Trotz der desaströsen Zustände in den französischen Ghetto-Vorstädten ist Frankreich für Schwarzer ein „Exempel“, dem mehrere Artikel, darunter von der Philosophin Elisabeth Badinter, gewidmet sind. Schwarzer outet sich darin als Anhängerin des französischen Staatspräsidenten Nicolas Sarkozy, der das Kopftuch- und jetzt ein Burkaverbot durchgesetzt hat. Schon als Innenminister habe Sarkozy bewiesen, dass er ein „sehr pragmatisches“ Verhältnis zur Integration hat. Er habe früh erkannt, dass Integration statt Multikulti angesagt sei. Vor dem Hintergrund der umstrittenen Massenabschiebung der Roma und Sarkozys Äußerungen, mit dem „Kärcher“ die Vorstädte vom „Gesindel“ zu reinigen, klingt dieses Lob ebenfalls fast unfreiwillig ironisch. Der Schutz von Minderheiten in liberalen, demokratischen Gesellschaften scheint der Frauenrechtlerin überraschenderweise kein Anliegen zu sein.

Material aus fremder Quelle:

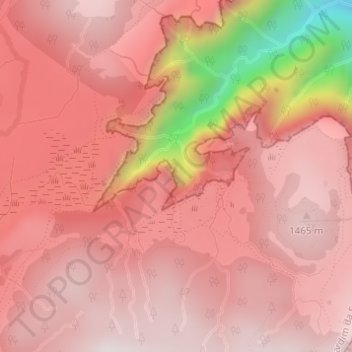Mapa topográfico Cânion das Laranjeiras, altitud, relieve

Die Sammlung von Artikeln dokumentiert in erster Linie den jahrzehntelangen Kampf von „Emma“ gegen das Kopftuch und die Unterdrückung muslimischer Frauen. Sowohl in Afghanistan oder Iran, wo Schwarzer schon 1979 erkannt hat, „was sich da (für die Frauen) zusammenbraut“, als auch in französischen Vorstädten. Das führt zu mancher Redundanz. Der Band zeigt nicht zuletzt anhand des Falles der deutschen Lehrerin Fereshta Ludin, die mit Kopftuch unterrichten wollte, wie lange Deutschland auch außerhalb des Leserkreises der „Emma“ bereits über Integration und den Umgang mit dem Islam diskutiert. Das ist abwägend, mühsam, manchmal quälend, aber einem liberalen Rechtsstaat angemessen, der die Rechte aller Bevölkerungsgruppen austarieren muss.

Alice Schwarzer (Hrsg.): Die große Verschleierung. Für Integration, gegen Islamismus. Kiepenheuer & Witsch, Köln 2010. 318 S., 9, 95 Euro.